What this task involves: The required output is the exact run of lines from the one that contains "Thumbnail 3: 2015" to the end of the data, with every picture left out.

Source data:
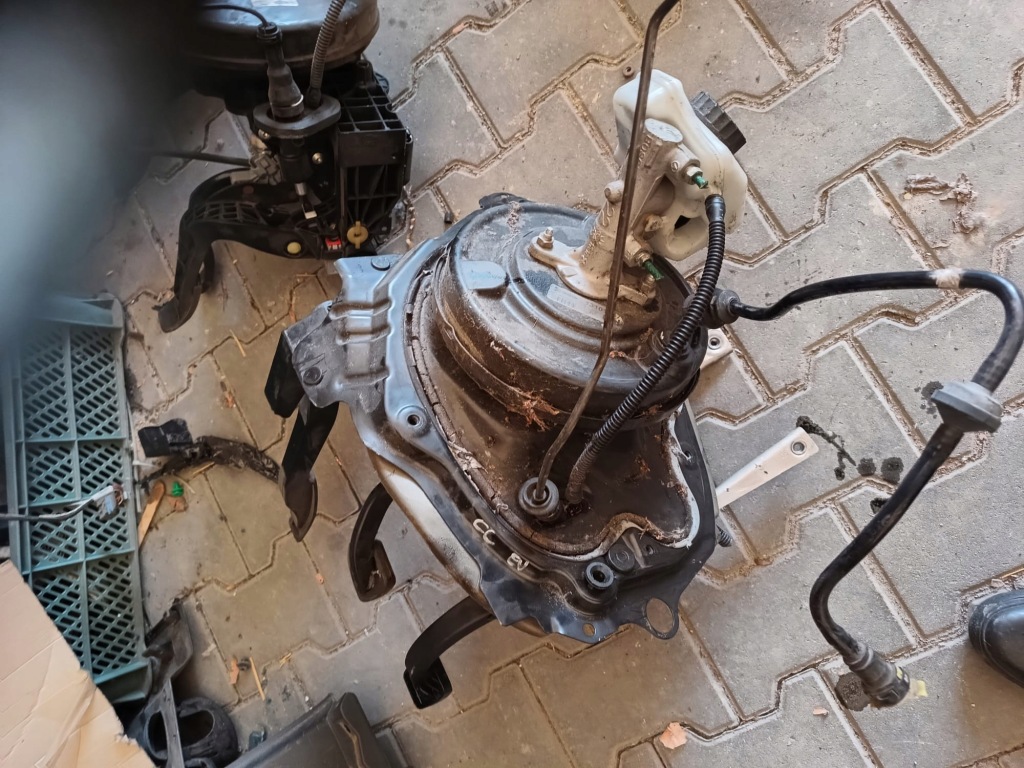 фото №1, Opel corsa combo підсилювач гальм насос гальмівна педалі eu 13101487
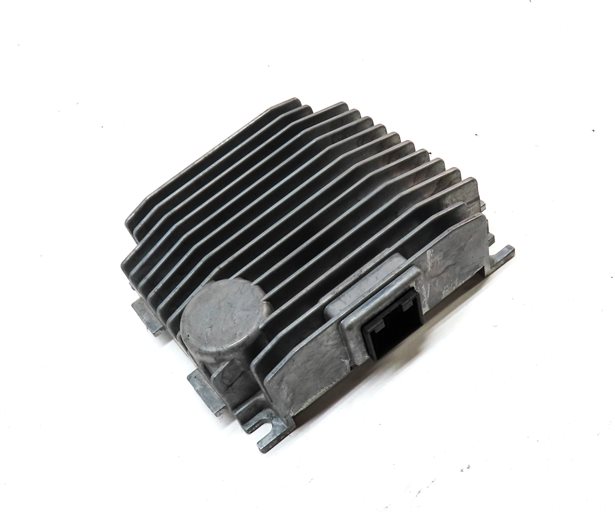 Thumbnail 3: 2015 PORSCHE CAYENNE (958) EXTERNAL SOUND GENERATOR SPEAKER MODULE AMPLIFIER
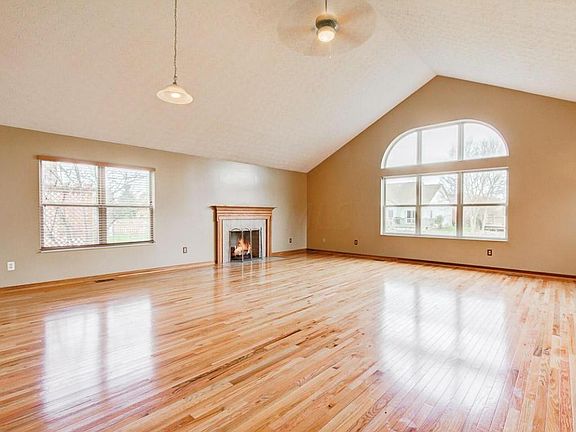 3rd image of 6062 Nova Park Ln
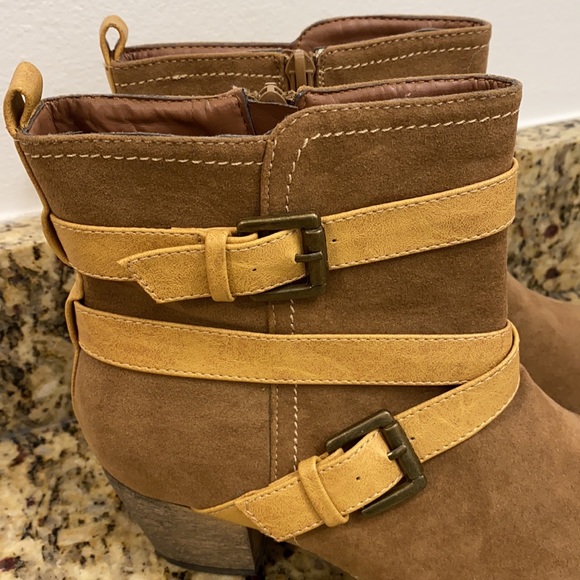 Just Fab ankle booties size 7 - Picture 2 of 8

Answer to the problem:
 Thumbnail 3: 2015 PORSCHE CAYENNE (958) EXTERNAL SOUND GENERATOR SPEAKER MODULE AMPLIFIER
 3rd image of 6062 Nova Park Ln
 Just Fab ankle booties size 7 - Picture 2 of 8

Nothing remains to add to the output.